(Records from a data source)
__________________________________________________
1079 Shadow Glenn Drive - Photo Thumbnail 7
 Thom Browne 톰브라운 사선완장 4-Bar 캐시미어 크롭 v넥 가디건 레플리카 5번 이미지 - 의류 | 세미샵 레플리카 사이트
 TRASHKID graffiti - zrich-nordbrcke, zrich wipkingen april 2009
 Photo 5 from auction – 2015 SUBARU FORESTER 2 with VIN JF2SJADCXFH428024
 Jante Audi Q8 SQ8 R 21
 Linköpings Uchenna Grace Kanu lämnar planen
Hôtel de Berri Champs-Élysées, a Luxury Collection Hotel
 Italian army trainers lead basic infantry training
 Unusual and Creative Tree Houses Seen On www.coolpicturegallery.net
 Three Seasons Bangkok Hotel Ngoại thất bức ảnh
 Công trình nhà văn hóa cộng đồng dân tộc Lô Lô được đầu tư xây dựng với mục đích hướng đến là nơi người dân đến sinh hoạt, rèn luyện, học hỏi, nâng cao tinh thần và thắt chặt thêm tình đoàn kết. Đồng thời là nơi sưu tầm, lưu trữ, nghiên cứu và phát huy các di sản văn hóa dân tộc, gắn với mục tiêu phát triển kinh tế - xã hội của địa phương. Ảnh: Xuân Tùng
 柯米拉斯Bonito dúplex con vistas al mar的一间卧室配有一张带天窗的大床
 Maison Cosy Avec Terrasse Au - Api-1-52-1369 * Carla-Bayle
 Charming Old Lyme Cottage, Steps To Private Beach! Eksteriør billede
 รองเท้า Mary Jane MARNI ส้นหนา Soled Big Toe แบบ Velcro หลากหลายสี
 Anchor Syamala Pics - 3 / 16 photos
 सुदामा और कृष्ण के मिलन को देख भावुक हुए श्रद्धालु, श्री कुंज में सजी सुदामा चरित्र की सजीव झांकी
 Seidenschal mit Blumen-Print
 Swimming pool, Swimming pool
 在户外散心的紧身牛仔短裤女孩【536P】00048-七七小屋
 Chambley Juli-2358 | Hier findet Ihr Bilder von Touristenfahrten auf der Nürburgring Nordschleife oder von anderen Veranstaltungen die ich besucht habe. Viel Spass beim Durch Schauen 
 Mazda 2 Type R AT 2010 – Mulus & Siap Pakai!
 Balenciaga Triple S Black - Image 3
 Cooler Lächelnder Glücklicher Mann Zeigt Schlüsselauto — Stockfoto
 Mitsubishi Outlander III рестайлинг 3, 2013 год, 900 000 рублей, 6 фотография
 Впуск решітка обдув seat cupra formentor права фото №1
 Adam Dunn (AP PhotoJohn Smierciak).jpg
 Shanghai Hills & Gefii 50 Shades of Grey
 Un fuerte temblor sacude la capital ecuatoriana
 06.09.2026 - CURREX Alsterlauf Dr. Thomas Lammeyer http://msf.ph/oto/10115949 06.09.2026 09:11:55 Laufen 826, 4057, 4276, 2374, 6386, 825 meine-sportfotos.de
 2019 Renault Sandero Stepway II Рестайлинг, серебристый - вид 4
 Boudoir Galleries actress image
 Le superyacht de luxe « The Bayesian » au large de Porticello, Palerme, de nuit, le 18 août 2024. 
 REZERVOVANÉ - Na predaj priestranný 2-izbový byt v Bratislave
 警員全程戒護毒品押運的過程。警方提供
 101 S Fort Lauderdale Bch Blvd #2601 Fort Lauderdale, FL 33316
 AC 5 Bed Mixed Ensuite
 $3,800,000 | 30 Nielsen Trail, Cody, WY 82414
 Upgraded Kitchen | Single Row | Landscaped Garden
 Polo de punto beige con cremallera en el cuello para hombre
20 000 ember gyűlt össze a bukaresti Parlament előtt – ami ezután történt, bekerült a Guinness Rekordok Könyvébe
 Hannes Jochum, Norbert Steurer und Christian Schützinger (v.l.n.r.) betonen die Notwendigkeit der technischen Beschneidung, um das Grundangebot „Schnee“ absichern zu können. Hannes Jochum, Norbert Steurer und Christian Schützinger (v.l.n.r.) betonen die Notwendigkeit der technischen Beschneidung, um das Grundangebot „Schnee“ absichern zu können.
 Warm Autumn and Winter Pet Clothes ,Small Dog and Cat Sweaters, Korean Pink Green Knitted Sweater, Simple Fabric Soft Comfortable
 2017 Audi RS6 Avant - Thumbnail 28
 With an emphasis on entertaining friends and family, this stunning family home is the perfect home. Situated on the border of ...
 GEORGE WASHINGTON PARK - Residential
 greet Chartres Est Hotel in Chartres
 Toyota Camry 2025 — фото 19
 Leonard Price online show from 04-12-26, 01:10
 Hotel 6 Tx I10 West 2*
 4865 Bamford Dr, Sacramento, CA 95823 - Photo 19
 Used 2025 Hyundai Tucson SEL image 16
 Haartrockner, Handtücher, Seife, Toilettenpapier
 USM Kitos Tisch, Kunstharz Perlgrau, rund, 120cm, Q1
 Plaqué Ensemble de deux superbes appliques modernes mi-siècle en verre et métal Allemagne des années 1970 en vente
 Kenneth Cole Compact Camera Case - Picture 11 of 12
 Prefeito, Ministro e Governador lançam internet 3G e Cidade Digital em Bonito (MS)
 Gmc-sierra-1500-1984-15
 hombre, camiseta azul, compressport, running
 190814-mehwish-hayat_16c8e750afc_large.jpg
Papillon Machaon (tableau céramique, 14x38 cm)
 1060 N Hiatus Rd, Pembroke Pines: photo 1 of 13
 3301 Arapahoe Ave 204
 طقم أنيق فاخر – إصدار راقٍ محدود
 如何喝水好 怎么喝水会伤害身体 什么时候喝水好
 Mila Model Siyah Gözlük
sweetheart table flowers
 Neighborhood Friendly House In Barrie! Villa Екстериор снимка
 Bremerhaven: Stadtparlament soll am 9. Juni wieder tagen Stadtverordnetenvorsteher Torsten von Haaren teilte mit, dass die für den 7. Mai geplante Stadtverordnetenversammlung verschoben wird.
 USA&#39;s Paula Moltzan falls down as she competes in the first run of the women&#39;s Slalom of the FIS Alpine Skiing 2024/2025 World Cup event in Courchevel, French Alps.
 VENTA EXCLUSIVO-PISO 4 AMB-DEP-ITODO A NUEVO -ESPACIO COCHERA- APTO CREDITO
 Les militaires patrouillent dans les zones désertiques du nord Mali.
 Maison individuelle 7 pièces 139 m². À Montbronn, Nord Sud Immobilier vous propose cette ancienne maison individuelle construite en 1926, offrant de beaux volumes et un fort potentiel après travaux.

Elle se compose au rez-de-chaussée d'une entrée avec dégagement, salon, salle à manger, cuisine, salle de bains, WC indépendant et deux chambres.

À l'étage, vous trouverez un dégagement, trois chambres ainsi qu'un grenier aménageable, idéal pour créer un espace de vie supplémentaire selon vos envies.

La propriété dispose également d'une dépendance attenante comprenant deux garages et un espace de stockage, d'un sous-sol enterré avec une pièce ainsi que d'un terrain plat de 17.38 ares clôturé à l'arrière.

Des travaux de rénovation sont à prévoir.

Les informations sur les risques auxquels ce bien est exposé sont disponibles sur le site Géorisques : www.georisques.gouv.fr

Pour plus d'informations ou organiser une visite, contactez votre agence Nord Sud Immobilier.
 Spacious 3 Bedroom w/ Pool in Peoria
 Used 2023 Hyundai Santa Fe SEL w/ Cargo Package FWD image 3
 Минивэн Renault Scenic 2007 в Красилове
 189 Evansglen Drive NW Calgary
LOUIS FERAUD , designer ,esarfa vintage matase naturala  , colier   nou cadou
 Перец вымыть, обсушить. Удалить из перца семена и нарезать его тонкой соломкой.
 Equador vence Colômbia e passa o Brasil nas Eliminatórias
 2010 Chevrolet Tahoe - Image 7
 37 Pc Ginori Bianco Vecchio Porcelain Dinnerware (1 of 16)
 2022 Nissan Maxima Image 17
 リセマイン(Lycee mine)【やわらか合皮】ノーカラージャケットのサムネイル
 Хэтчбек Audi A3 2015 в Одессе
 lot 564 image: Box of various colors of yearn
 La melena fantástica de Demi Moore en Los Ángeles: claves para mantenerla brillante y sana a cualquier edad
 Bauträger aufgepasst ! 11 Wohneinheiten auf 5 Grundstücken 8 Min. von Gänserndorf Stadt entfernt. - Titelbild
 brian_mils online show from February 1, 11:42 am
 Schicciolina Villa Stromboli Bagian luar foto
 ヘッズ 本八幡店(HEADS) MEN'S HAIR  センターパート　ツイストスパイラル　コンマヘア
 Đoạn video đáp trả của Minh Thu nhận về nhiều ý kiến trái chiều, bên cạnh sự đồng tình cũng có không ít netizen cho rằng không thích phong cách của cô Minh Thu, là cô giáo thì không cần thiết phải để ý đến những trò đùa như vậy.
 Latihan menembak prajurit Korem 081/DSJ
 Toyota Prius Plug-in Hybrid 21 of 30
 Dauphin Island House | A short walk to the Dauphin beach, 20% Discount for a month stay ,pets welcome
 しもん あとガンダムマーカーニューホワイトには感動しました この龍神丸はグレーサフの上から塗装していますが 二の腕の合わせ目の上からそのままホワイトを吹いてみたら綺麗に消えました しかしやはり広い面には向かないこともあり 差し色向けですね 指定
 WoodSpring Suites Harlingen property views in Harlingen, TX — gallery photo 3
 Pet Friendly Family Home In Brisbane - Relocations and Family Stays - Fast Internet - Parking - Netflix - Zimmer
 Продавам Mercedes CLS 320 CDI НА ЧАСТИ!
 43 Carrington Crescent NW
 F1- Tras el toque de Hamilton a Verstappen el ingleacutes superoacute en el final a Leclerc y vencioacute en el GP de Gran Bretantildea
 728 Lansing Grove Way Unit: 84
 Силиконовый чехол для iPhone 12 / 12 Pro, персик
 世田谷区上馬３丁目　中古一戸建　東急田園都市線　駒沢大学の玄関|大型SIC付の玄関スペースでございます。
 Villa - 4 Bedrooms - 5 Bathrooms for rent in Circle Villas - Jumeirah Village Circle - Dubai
__________________________________________________
Work to be completed
Which lines in the records contain the word "Villa"? Copy each one.

Response to the task
 Neighborhood Friendly House In Barrie! Villa Екстериор снимка
 Schicciolina Villa Stromboli Bagian luar foto
 Villa - 4 Bedrooms - 5 Bathrooms for rent in Circle Villas - Jumeirah Village Circle - Dubai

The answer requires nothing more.